Let \(x\) be a continuous random variable over the interval \([a, b]\) with probability density function \(f\). The expected value of \(x\) is defined by

\[E(x) = \int_a^b x \cdot f(x)dx\]

The Wikipedia’s definition of expected value is useful in this case.

The expected value of a discrete random variable is the probability-weighted average of all its possible values. In other words, each possible value the random variable can assume is multiplied by its probability of occurring, and the resulting products are summed to produce the expected value. Intuitively, a random variable’s expected value represents the mean of a large number of independent realizations of the random variable.

The expected value is also known as the expectation, mathematical expectation, mean, or first moment. Expected value also applies to an absolutely continuous random variable, except that an integral of the variable with respect to its probability density replaces the sum.

The concept of expected value can be generalized to functions of the random variable. In other words, for something like expected value of \(y = g(x)\) we have that

\[E(g(x)) = \int_a^b g(x) \cdot f(x)dx\]

The mean, \(\mu\), of a continuous random variable \(x\) is defined to be \(E(x)\). That is,

\[\mu = E(x) = \int_a^b x \cdot f(x)dx\]

where \(f\) is a probability density function for \(x\) defined over \([a, b]\).

Because two very different distributions can have the same mean, it is useful to have a second statistic that serves as a measure of how the data in a distribution are spread out.

The variance, \(\sigma^2\), of a continuous random variable \(x\), defined on \([a, b]\), with probability density function \(f\), is

\[\sigma^2 = E(x^2) - \mu^2 = E(x^2) - [E(x)]^2 = \int_a^b x^2 \cdot f(x)dx - \bigg[\int_a^b x \cdot f(x)dx\bigg]^2\]

The standard deviation, \(\sigma\), of a continuous random variable is defined as

\[\sigma = \sqrt{\sigma^2}\] Let’s look at an example.
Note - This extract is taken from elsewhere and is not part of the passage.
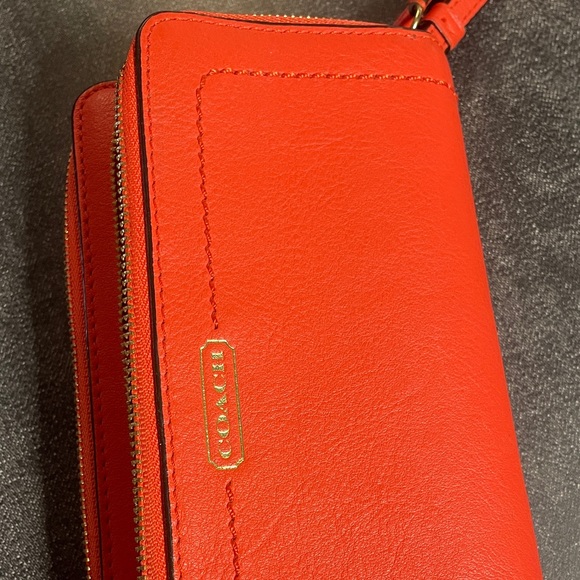 Coach Vibrant Red Leather Wristlet - Picture 5 of 6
Given the probability density function \(f = \frac{1}{2} x\), over \([0, 2]\), find \(E(x)\) and \(E(x^2)\).

import numpy as np
import matplotlib.pyplot as plt

def f(x):
  return (1/2) * x
  
x = np.linspace(0, 2)
y = f(x)

plt.plot(x, y)

This is how the density function looks like over the interval we’re interested in. The expected value is the sum of all possible outcomes weighted by their probability. We can interpret this probability as the integral of the function up until that specific outcome (\(x\)-value). In our case then, the expected value is

\[E(x) = \int_0^2 x \cdot \frac{1}{2}x dx\] The \(dx\) part in this syntax may be confusing, but it’s just how integrals are defined, we can think of it more like

\[E(x^) = \int_0^2 \bigg(x \cdot \frac{1}{2}x \bigg) dx\] and

\[E(x^2) = \int_0^2 \bigg(x^2 \cdot \frac{1}{2}x \bigg) dx\] which can be thought of as specific case of the more general

\[E(g(x)) = \int_a^b \bigg(g(x) \cdot f(x) \bigg) dx = \int_a^b g(x) \cdot f(x) dx\]

from sympy import *

x = symbols("x")
x2 = symbols("x")**2

mean = integrate(x * ((1/2) * x), (x, 0, 2))
squared = integrate(x2 * ((1/2) * x), (x, 0, 2))

mean
## 1.33333333333333
squared
## 2.00000000000000

Let’s find the mean, the variance, and the standard deviation of the probability density function

\[f(x) = \frac{1}{2}x\] over the same interval. We already have the mean, and we know that

\[\sigma^2 = E(x^2) - \mu^2\]

which translates to the variance being the difference between the expected value of the squared variable and the squared mean of the variable.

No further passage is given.